[About this exercise]:
The full listing below should be returned without a single change.

[Source material]:

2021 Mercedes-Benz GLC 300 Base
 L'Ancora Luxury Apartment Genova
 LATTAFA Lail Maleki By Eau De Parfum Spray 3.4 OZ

[Solved exercise]:
2021 Mercedes-Benz GLC 300 Base
 L'Ancora Luxury Apartment Genova
 LATTAFA Lail Maleki By Eau De Parfum Spray 3.4 OZ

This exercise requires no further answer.